Now do it again, sliding your feet another 12" out. (At some point you'll have to lower your body to keep your feet on the floor, but do so by just letting your arms flex. Do NOT twist or slide your hips. Just move your femurs in their sockets.) Do it a third time, butt now supported on the front of the seat with your feet REALLY out there.
Practice this on both sides. Each of these is a position you'd find yourself in exactly halfway through a carved turn, at the precise moment your skis are pointing straight down the fall line. Notice that your inside foot naturally takes the lead, without you pushing it forward. The more angulated you are, more flexed your inside leg and the farther ahead the inside foot will be. Don't think about your inside foot leading on the hill, it just happens. Trying to push it farther ahead is a technical complication that's unnecessary and sometimes counterproductive.
Originally Posted by Albireo 
My "feet-together" noodling was fairly effortless on intermediate slopes, but was more luck-of-the-draw with steeper grades and a complete failure in crud.
Yup. Any effort to twist or slide your skis sideways will be an instant disaster in crud... or deep powder... or tight bumps. The skis won't budge but you will, SPLAT! In any snow condition but a flat surface, the skis must primarily be moving forward along their axes or you're toast. The trick is to get them moving forward in curved arcs by using their natural sidecut and/or by bending them into decamber. That lets you control your direction, which in turn lets you decide how fast to go.
Check out this thread of a skilled, high level instructor handling heavy, wet crud with aplomb. Before looking at his body movements, carefully watch the path his skis follow:
http://www.epicski.com/t/110060/recent-vid-of-my-skiing
I definitely understand what you mean by commiting the body to the fall line -- especially when the snow is very hard -- but as I mention above I'm having trouble understanding how do get my skis further to one side. Do I simply flex more at the waist to fold my body over the skis (to maintain pressure over the outside ski) while simultaneously increasing the tipping angle? Because then it doesn't feel like the skis are "further" to one side but rather like I'm trying to hit the skis with my helmet
. I guess you could say the skis are farther from my butt if I flex more at the waist?

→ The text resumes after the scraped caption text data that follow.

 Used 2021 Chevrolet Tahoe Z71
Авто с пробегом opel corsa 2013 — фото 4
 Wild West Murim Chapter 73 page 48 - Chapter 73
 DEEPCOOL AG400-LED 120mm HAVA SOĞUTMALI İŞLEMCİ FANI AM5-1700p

The reason commitment works when the snow is hard is that letting your body fall down the hill ahead of your skis puts them up on edge. Now they can hold and carve.

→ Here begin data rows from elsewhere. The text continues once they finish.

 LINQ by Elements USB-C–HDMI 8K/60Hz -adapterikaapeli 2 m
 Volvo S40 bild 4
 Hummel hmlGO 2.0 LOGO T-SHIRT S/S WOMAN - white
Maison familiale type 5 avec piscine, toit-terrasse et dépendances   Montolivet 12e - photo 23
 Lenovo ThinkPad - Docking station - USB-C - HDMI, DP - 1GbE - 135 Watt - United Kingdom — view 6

The steeper the slope and/or the higher the speed, the more you have to commit into each new turn. At the end of a turn your skis are on a high edge, so naturally it takes a big move to rotate them to flat and then onto the new edges. Yes, it feels like diving headfirst off a cliff... but it ALWAYS works. Trust your skis. Once you've done this once or twice it is SUCH a rush!

How to get high edge angles? See the office chair exercise above. It's about moving your legs in their femur sockets.
You do NOT want to be flexing more at the waist to do this. That just sticks your butt out and puts you in the back seat. Except when absorbing a bump or other terrain "feature", try to keep your upper body relaxed, upright and roughly perpendicular to the angle of the slope. IOW, we stand upright relative to the slope, not to the pull of gravity. This keeps us centered over the middle of our skis, where we're able to weight, angle and even rotate them as necessary. Check out epic's upper body in the vid I linked above. The only time he bends at the waist is to absorb a bump. He achieves L or R edge angles by moving his legs... only.
Originally Posted by Albireo 
Also, are short-radius turns short because they only travel half a circle before the next turn begins (linked "C" carves) or are they short even if you travel the entire arc back up the mountain before falling into the next turn? My limited mental faculties are telling me the latter method increases the width of my carve by a third, which is rather less short to me, although I can well imagine that they slow me down.
No, go gack to geometry. Short "radius" means just that. You can ski short or long radius turns in quarter circles, half circles or even full circles (if you go fast enough, lol). Imagine a series of linked turns down the fall line, each one shaped like the third letter of the alphabet. Short radius turns would look like linked "c's". Long radius turns would look like linked "C's". Same turn shape, same amount of turn completion, just different radii.